NOVEMBER 25, 2015
A Seth Rogen Christmas movie. A sentence I never thought that I would ever write.
But now we have “The Night Before,” yet another Rogen vehicle in which stoners are resisting the need to grow up. Fresh off a highly-regarded dramatic turn in Danny Boyle’s “Steve Jobs,” Rogen has again surrounded himself with other very good actors (Joseph Gordon-Levitt and Anthony Mackie, wonderful all, giving the film some dramatic bona fides), this time in a film of holiday silliness.
Ethan (Gordon-Levitt) lost his parents in a car crash on Christmas Eve 2001, and to cheer him up, his best friends Isaac (Rogen) and Chris (Mackie) took him out for a night of debauchery. The trio has continued this tradition every year since, but by 2015, their lots in life have changed. Isaac is about to become a first-time dad, and Chris has achieved world-wide fame as a pro football player. (Ethan, however, is still a failed musician.) By mutual agreement, they’ve decided that 2015 will be their final Christmas Eve blowout together.
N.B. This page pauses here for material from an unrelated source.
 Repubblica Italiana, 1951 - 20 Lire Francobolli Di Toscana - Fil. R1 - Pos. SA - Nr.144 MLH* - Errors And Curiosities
To mark the occasion, Isaac’s wife Betsy (Jillian Bell) gives him a gift box of..ahem…pharmaceuticals, which Isaac proceeds to ingest almost immediately. It doesn’t turn out well. Meanwhile, Chris is trying to get some weed for his team’s star quarterback, but their dealer (Michael Shannon, of all people, in a very funny turn) just wants to chat. Ethan has found (or stolen) 3 tickets to the ultra-exclusive Nutcracker Ball, a party to which the guys have always yearned to be invited. They soon run into Ethan’s ex Diana (Lizzy Caplan), for whom Ethan still holds a torch, and her best friend Sarah (Mindy Kaling). Isaac and Sarah somehow wind up with each other’s phones, and Isaac proceeds to get texted a bunch of dick pics all night from someone named “James.” “James” turns out to be James Franco (of course), and when Isaac compliments him on the size of his package, sparks begin to fly.
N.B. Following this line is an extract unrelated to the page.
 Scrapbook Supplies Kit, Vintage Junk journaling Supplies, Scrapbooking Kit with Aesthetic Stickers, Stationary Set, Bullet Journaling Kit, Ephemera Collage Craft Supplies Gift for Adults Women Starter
Oh, and there’s Miley Cyrus, too.
To be honest, “The Night Before” is not a very good film, nowhere near the quality of Rogen’s previous apocalyptic stoner movie “This Is the End,” which he co-directed along with Evan Goldberg, who produced this film. “This Is the End,” which I thought was one of the best films of 2013, had a unity to it that is missing here, but I have to say that “The Night Before” still has a number of laugh-out-loud moments, and in a multiplex filled with Oscar bait, you might just want to chill out with Seth Rogen puking through midnight Mass.
GRADE: C+
To Exact Change Today readers: I’m taking a few days off to share Thanksgiving with friends & family in Seattle, but I’ll be back at the desk on Monday to deal with the latest nonsense. Happy Thanksgiving, everyone!